Konuşmaya çalışsalar dahi, ağızlarından ne gibi kelimeler çıkmalıydı ki?
Birbirlerine her gün lanetler savurup, sürekli kavga edip birbirlerinden ölümüne nefret eden iki ezeli rakip şu an bu şekilde, iki küçük çocuk gibi, savunmasız, belki biraz ağlamaklı, belki biraz mutlu, biraz da heyecanlı ve en fazla da sıradaki anda birbirlerinin ne yapacağı hakkında içlerinde taze bir merakla birbirlerine sarmışlardı kollarını. Ellerini hareket ettirmek içi ikisi de karşı koyulmaz bir istek duyuyordu. Yine de inatla hareket etmiyordu elleri. Izuku normalde ne kadar da utanırdı fakat şuan kendini geçmek bilmeyen bir inat ve merak içinde bulmuştu.

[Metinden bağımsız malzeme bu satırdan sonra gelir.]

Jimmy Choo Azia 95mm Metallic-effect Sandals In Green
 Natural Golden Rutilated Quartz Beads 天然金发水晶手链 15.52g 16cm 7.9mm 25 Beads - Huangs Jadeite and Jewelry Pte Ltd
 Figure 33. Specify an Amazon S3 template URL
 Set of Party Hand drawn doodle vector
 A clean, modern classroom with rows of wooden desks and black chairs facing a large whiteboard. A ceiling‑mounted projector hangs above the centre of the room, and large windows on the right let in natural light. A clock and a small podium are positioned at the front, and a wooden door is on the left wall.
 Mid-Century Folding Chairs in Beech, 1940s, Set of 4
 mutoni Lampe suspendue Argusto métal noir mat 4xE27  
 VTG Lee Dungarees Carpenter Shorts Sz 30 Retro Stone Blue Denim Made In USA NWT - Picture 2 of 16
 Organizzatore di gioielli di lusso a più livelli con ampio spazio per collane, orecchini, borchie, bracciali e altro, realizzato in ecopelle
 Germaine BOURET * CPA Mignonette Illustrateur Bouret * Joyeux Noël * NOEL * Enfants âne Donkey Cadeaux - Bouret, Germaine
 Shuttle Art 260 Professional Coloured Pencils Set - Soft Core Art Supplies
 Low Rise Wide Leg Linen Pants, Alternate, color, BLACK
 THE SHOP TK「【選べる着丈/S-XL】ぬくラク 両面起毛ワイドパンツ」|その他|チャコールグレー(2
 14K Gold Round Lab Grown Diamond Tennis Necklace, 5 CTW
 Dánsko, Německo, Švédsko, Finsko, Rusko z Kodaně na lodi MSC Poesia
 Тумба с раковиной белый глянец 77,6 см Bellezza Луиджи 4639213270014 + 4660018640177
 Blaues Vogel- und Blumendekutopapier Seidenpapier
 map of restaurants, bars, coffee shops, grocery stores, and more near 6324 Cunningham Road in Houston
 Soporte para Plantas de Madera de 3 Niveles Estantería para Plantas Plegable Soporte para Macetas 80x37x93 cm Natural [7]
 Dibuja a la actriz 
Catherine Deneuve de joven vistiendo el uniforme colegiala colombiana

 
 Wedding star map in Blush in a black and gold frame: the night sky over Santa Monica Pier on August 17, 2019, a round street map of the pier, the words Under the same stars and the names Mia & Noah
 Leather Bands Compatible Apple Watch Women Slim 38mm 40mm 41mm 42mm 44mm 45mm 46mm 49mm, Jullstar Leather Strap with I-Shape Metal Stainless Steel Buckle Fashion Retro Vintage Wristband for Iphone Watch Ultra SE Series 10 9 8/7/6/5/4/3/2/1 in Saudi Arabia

Üstelik birbirlerinin gözlerinin içine bakmıyorlardı bile. Bakamıyorlardı.
Zümrüt gözler karşı tarafındaki saate, yakut gözler de sadece yere odaklamıştı bakışlarını.
Bu durumu daha da absürt yapıyordu.
Dengesiz nefes alış verişleri, dengelemeyen, patlayacak gibi atan kalp ritimleriylebirleşip yine sonucunda sessizliğe gömülüyordu. Daha 1 dakika geçmişti bu kolları birbirine sardıkları zamandan beri. Izuku tuhaf bir biçimde artık kendini geri çekmek istese de, yapamıyordu. Katsuki'ye kalsa o zaten hemen bu saçmalıktan kurtulmak istiyordu.
İşte, istemek de yetmiyordu bazen. Merakına yenik düşmüştü bir kere.
Zümrüt gözlü derince bir iç çekti aniden, bunu aslında bu şekilde yapmak istememişti. Sadece çok fazla düşünmüştü ve paniklemişti, bu yüzden fark etmeden iç çekmişti.
Bu minik iç çekişten sonra yanakları kızardı, yine sessizliğe gömülmeye karar vermişti ki sonunda onu saran kollar ve nereyi tutacağını hâlâ bulamamış olan eller yavaşça vücudundan ayrıldı. O eller titriyor gibi gelmişti ona.
Kafasında kurduğunu düşündü.
O da ellerinin iki yanına düşmesine izin verdikten sonra da yine bir boğuk hava kapladı ortamı.
Yakut gözler ona bakıyordu, anlamıştı.
O da usulca zümrüt gözlerini yakut gözlere dikti. Sonra yine kanayan omzuna geldi sıra.
"..B-ben-"
"Sorun değil."
Cümlesini tamamlamasına izin vermemişti sarışın. Buna sevindi çünkü kekeledikten sonra ne diyeceği hakkında pek bir fikri yoktu. Hatta hiç fikri yoktu.
Ancak ayrımsadığı bir şey vardı; Katsuki kekelememesine rağmen, sesi titremişti. Olduğundan daha heyecanlı, daha ince bir ses duymuştu yeşilli.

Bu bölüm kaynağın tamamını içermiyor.